Gustav von Wangenheim wird als Ingo Clemens Gustav Adolf Freiherr von Wangenheim am 18. Februar 1895 in Wiesbaden geboren. Sein Vater ist der Schauspieler Eduard von Winterstein, seine Mutter die Schauspielerin Minna Mengers. Seine Kindheit erlebt er in Berlin, besucht dort ein Gymnasium und geht während der Obersekunda (entspricht der 11. Klasse) ab. Danach beginnt er eine landwirtschaftliche Lehre. Nach seiner militärischen Ausbildung beim Kaiser-Alexander-Garde-Grenadier-Regiment Nr. 1 besucht er von 1912 bis 1914 die Max Reinhardt-Schauspielschule am Deutschen Theater. Kurz nach Beginn des Ersten Weltkrieges wird Gustav von Wangenheim eingezogen, dient als Soldat an der Westfront. 1915 wird er am Auge verletzt und danach ausgemustert. Zurück in Berlin steht er auf der Bühne des Deutschen Theaters, spielt 1916 am Burgtheater in Wien.

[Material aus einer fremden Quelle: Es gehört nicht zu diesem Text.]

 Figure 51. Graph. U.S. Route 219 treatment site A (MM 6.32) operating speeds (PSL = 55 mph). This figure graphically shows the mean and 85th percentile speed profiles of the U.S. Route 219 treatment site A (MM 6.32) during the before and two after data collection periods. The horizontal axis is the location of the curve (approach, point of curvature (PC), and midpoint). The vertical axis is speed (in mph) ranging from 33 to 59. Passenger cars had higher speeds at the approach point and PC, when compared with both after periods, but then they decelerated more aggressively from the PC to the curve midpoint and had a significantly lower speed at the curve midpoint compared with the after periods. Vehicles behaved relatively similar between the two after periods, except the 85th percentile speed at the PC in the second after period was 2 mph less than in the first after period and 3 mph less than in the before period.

In Berlin schreibt Gustav von Wangenheim für die Zeitschrift "Die Aktion" erste Texte. Außerdem entstehen Dramen, wie "Der Mann Fjodor" (1917) und "Lausbub Franz" (1918). Die Berliner Kabarettszene unterstützt er mit Texte für das Kabarett "Schall und Rauch". Er engagiert sich politisch, wird nach der Novemberrevolution 1918 Mitglied im Rat der Geistesarbeiter und tritt der Unabhängigen Sozialdemokratischen Partei Deutschlands (USPD) bei. Nach deren Spaltung 1922 wechselt er in die Kommunistische Partei Deutschlands (KPD). Hier ist er im Bereich des proletarischen Laienspiels sehr aktiv. 1923 wird er Leiter des Zentralen Sprechchors der KPD. Er verfasst unter anderen den "Chor der Arbeit". Seine "Massenpantomime gegen den Krieg" wird verboten. 1924 gründet er die Arbeiterspieltruppe des Bundes der Kriegsopfer, tourt mit ihr durch Deutschland. Zahlreich sind seine Aktivitäten: er schreibt Agitprop-Stücke, inszeniert sie mit seinen verschiedenen Theatergruppen (Kollektiv Rote Schauspieler, Die Roten Blusen, Truppe 31) an Berliner Bühnen.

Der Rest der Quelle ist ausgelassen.